A country where a quarter of the workforce is not working is destined to decline. Even under socialism it would be impossible for a country to survive with this level of “economic inactivity”.

There is an urgent need to understand what is going on. Who are the nearly 9 million people “not actively looking for work”?

The ONS has carried out some research and analysis. Most of the 2.7 million under-25s not actively looking for work are students. That’s understandable, but the figure is rising.

‘Even under socialism it would be impossible for a country to survive with this level of “economic inactivity”…’

There are 3.5 million over-50s out of the job market – mainly through illness and early retirement. Few of those who retire early said they were interested in returning to work. How much of the illness in this age group is a function of long NHS waiting lists is uncertain, but that figure is rising. It will include, for example, those waiting for simple surgery such as a hernia repair. Not addressing the ill health of this age group creates longer term problems.

Nearly one million people in the 25- to 49-year-old age group are not working because of illness (fairly evenly split between men and women). It is very early in the life cycle to be too ill to work and represents a great personal loss as well as a societal loss.

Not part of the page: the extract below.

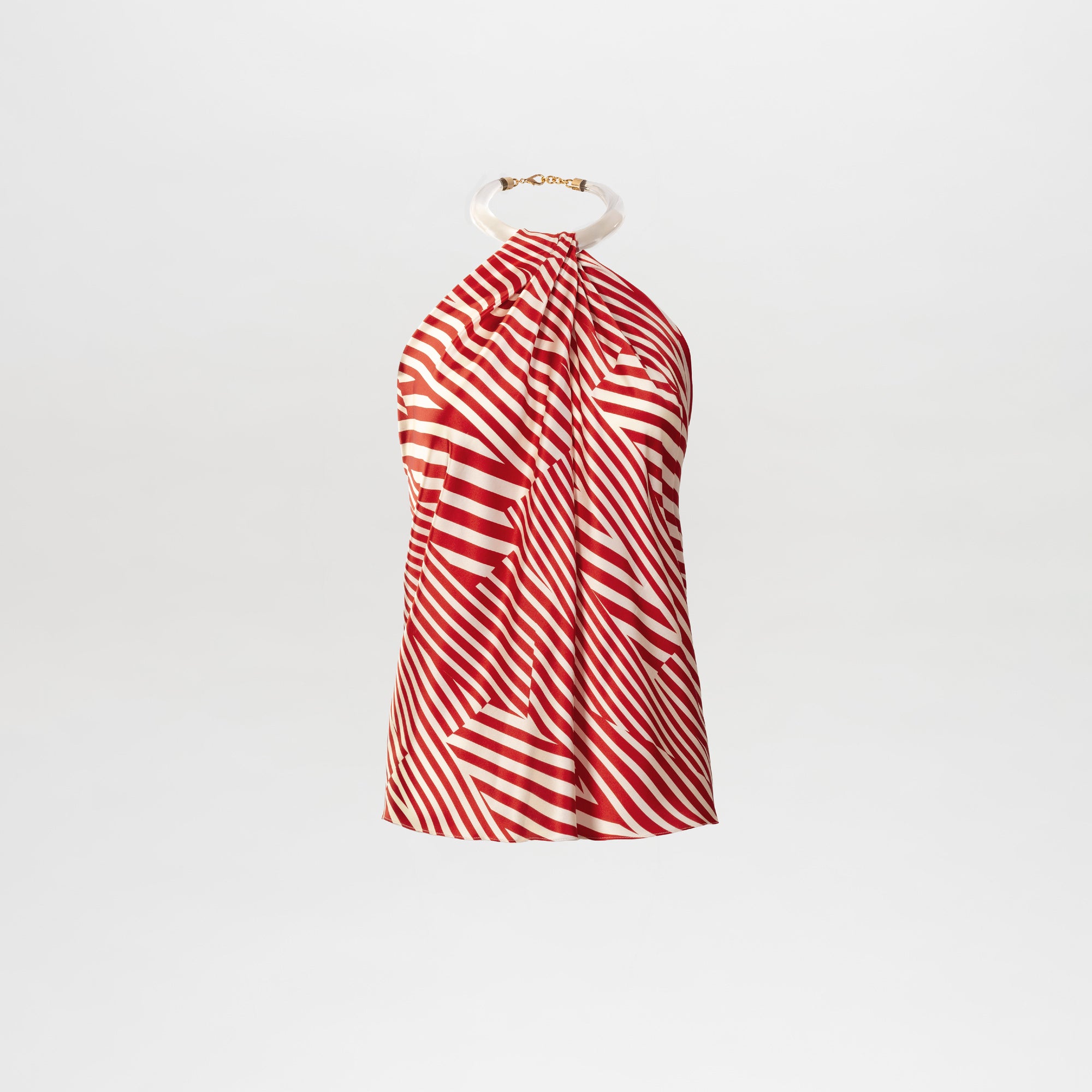 The Dianela Blouse is a sleeveless top made from luxurious Italian fabric with red and white diagonal stripes, featuring a halter neckline accented by a white circular ring and gold chain detail, shown on a plain white background.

This is not short-term illness of young people which would be covered by sick pay. This is long-term illness where the individual is unavailable for work. And the proportion of people of all ages inactive through sickness now stands at 7 per cent – the highest ever.

Caring responsibilities

In the 25- to 49-year-old age bracket, 1.1 million people, about a million of whom are women, do not work because of caring responsibilities. Described as “economically inactive” maybe, but they will be working hard in the domestic sphere. The unavailability of social care and the high cost of child care will be significant factors.

And of those who report to the ONS surveys that they want to return to work, many say that high child care costs will mean that they lose out financially by being in work.

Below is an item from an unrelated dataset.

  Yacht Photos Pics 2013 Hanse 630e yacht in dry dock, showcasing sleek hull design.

The Co-operative Bank surveyed the most affordable British cities for childcare. It ranked London as the most expensive city, with an average monthly cost of £1,781. Liverpool was the most affordable at £800.

Work is good for you

The Thatcher government ignored the Black Report on health inequalities in 1980. Since then, the public health evidence that being in work is better for physical and mental health has only grown. This is acknowledged on official government health websites. And there is strong evidence that it is difficult to return to work after prolonged periods of inactivity.

‘Many who want to return to work say that high child care costs mean that they lose out financially by being in work…’

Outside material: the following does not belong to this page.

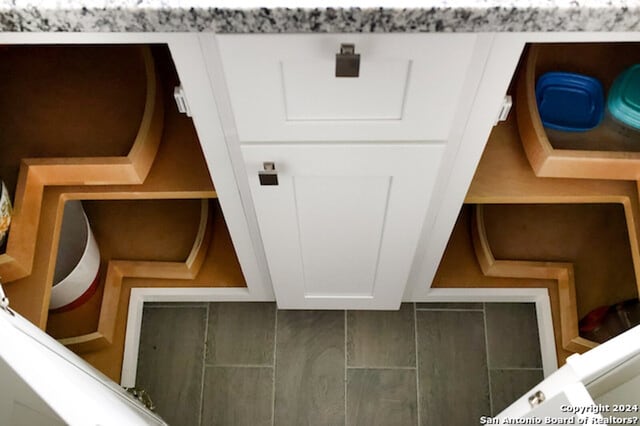 interior space featuring wood-type flooring and white cabinets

The stark fact is this: just the figure of nearly one million 25- to 49-year-olds not working due to illness as a proportion of the “economically inactive” is more than the 672,000 net immigration into Britain in 2023 (some of whom will be dependants and not in the workforce).

This situation is justified by employers as necessary because of “labour shortages”. But we as a working class know that mass immigration contributes to suppressing wages. The exceptional exploitation of overseas staff in care homes may be an extreme case, but is not an isolated one.

We need to unravel the causes of the illness of over a million adults between 25 and 49 years old. Clearly not all illness in this age group is compatible with participation in the workforce, but most could contribute. There is good evidence that returning to work will improve their physical and mental health.

If the unspoken story is that returning to work weakens the already poor financial position of those million members of our class, then that is a conversation we all need to have too. It is a conversation about pay and control in the workplace.